SAQQARA
À Saqqara, un groupe de trois tombes a été mis au jour par Gaston Maspéro (1846-1916) et Alexandre Barsanti (1858-1917) devant la face Sud de la pyramide d’Ounas.
Chaque tombeau se composait d’un grand et d’un petit puits communicants, le grand puits étant occupé tout entier par la cuve du sarcophage autour duquel on bâtissait la chambre dans un second
temps. Le système du double puits permettait de descendre le lourd couvercle du sarcophage en le déposant sur du sable, qui était ensuite évacué par le petit puits.
L’une de ces trois tombes, datées par Gaston Maspéro de la fin de la XXVI° dynastie et du début de la XXVII° dynastie (milieu du VI°-début du V° siècle avant J.-C.), était celle du
médecin-chef Psammétique, qui était ornée d’inscriptions copiées des Textes des Pyramides.
La tombe de Psammétique (XXVI° dynastie)
Le personnage pour qui ce tombeau avait été préparé, un certain Psammétique, n'y reposa pas. Une stèle du Sérapéum, découverte par Mariette et conservée aujourd'hui au Musée du Louvre, nous apprend qu'il vivait sous Ahmasis.
Il vit probablement les derniers jours de l'indépendance égyptienne et peut-être mourut-il dans la grande bataille de Péluse, en -525 (Cambyse II, roi achéménide de l'empire Perse, contre le
pharaon Psammétique III) ; on comprendrait alors que, son corps n'ayant pas été recouvré au milieu du désordre général qui suivit la défaite, on ait laissé son tombeau inachevé.

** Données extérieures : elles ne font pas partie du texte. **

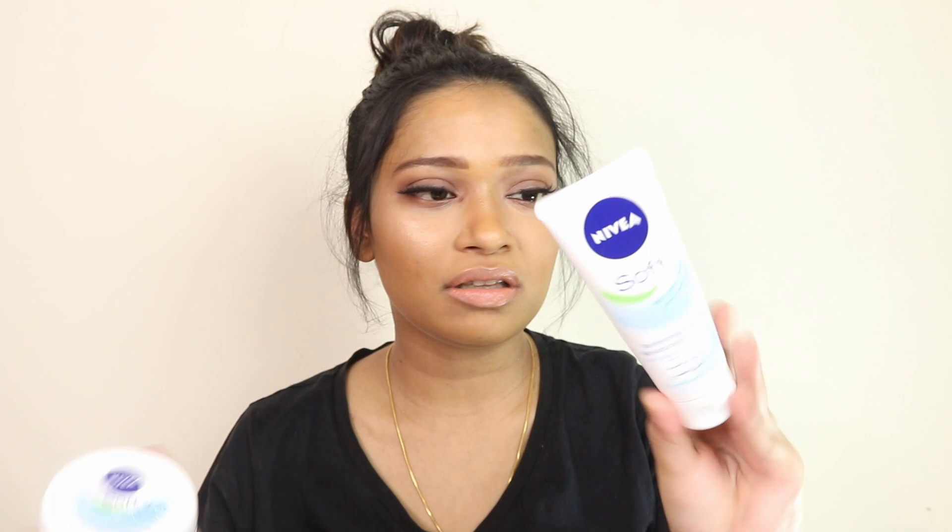I have two different sizes of this cream — one in a tube and two jars that I bought during a promotion. Navia is not a new brand; it has been on the market for years and is one of the trusted skincare brands. They have different types of moisturizers, and one of the oldest and most popular is the blue tin.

La tombe de Psammétique (XXVI° dynastie)
Au fond d'un puits d'environ 25 mètres, le caveau de Psammétique fait face à celui de la dame Setariban (qui fut peut-être son épouse). Celui-ci fut aménagé avec soin et l'on y pénètre par un couloir , long de 5 mètres et revêtu de calcaire. La chambre funéraire est construite en calcaire comme le couloir. Elle mesure 5,20 mètres de long sur 2,68 mètres de large et 3,50 mètres de haut. Elle est recouverte d'une voûte en plein cintre, et la première chose que l'on distingue en y pénétrant, c'est un énorme couvercle de sarcophage en calcaire qui semble l'emplir presque entière. Il a 1 mètre d'épaisseur et une seule bande horizontale d'hiéroglyphes y est gravée. Il est maintenu au-dessus de la cuve par des piliers consistant chacun de trois dés, également en calcaire, d'environ 30 centimètres de haut, le tout faisant un peu moins d'un mètre. Ces piliers sont posés à intervalles égaux sur les parois mêmes de la cuve. La cuve du sarcophage en calcaire occupe tout l'intervalle compris entre les murs de l'Est, de l'Ouest et du Nord, et elle s'agence si bien dans la construction qu'on ne pourrait faire mieux aujourd'hui. Elle mesure 4,20 mètres de long, 2,20 mètres de large et 1,05 mètre de hauteur. Elle contient un second cercueil en basalte, en forme de gaine de momie, d'un travail très fin, et qui porte sur la poitrine une inscription en colonnes verticales ; la cuve en était vide, et le couvercle posé au-dessus d'elle, en attendant la momie du mort. Au Nord, à l'Est et à l'Ouest, trois niches ménagées dans la muraille devaient recevoir les canopes. Elles ouvrent sur le sarcophage en calcaire. Les quatre parois de la chambre portent des inscriptions en beaux hiéroglyphes mais, tandis que celle du Sud en est couverte complétement, celles de l'Est, du Nord et de l'Ouest ne sont gravées qu'à mi-hauteur. La partie inférieure en était masquée par le couvercle, et l'on attendait que celui-ci eût été descendu pour achever la décoration. La disposition du grand sarcophage en calcaire, et celle du couvercle en basalte, prouvent clairement que la momie n'a jamais reposée dans le tombeau.
Alexandre Barsanti
La tombe de Psammétique (XXVI° dynastie)
L'immense sarcophage eu calcaire compact est encore là, béant presque au ras du sol, et une cuve en basalte noir est encastrée dans la masse, son couvercle momiforme posé négligemment en travers. Au-dessus, le couvercle du sarcophage en calcaire est suspendu sur sept piliers en pierre, attendant la momie qui ne viendra jamais. Tout avait été pourtant préparé avec soin pour qu'elle y jouit du repos, à l'abri des injures du temps et des hommes.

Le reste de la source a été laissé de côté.